A stone seating circle, created years ago by a summer camp, already exists on the site and will be used as a gathering place for school classes and other groups.
The arboretum committee chose Portland-based firm Mitchell & Associates to design the garden following a contest among local landscape architects.
Mitchell’s initial design featured a wooden lighthouse and a lighthouse keeper’s cottage for kids to play in, but they were removed from the latest concept.
“It took a lot of discussion, but we ultimately decided that we wanted something that was very clearly not a playground,” said Lynn Shaffer, the project’s other co-chairwoman. “We were calling upon our memories of childhood and the time that each of us, in our own way, spent playing in the woods and open fields, exploring and creating and enjoying being in touch with nature. We’d like this site to create that kind of opportunity for the kids who visit it.”
The cost of the garden will be paid for entirely through grants and private donations. It has an estimated price tag of nearly $530,000, which includes nearly $80,000 for a sustainability fund for maintenance and upkeep. The arboretum committee has raised between one-quarter and one-third of the total, Shaffer estimated.
The garden is one of 14 sites planned for Fort Williams Park as part of the arboretum project.
The first, Cliffside, which includes a garden amphitheater and areas for viewing Casco Bay, was completed in 2012. The second, dubbed the Lighthouse View, is set to be cleared out and replanted in spring or summer 2014. The children’s garden will be the third. It’s time-line depends on fundraising; Bacastow estimated a 2015 completion date.
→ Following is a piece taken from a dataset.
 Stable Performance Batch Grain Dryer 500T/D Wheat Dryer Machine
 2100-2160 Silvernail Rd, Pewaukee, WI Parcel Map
In keeping with the arboretum project’s mission, several invasive species will be removed during the garden’s creation and replaced with native ones. One strain of maple tree, in particular, has proved damaging in the area to the west of the park’s pond and tennis courts, where the garden is planned.
“They tend to have very dense foliage and create a climate underneath them that is unfriendly to any but their own saplings,” Shaffer said. “So they’ll be removed and replaced by other trees that will reforest the wooded areas of the site and create the kind of diversity that promotes growth among other plants and animals.”
A rendering by Mitchell & Associates of the children’s garden planned for Fort Williams Park in Cape Elizabeth.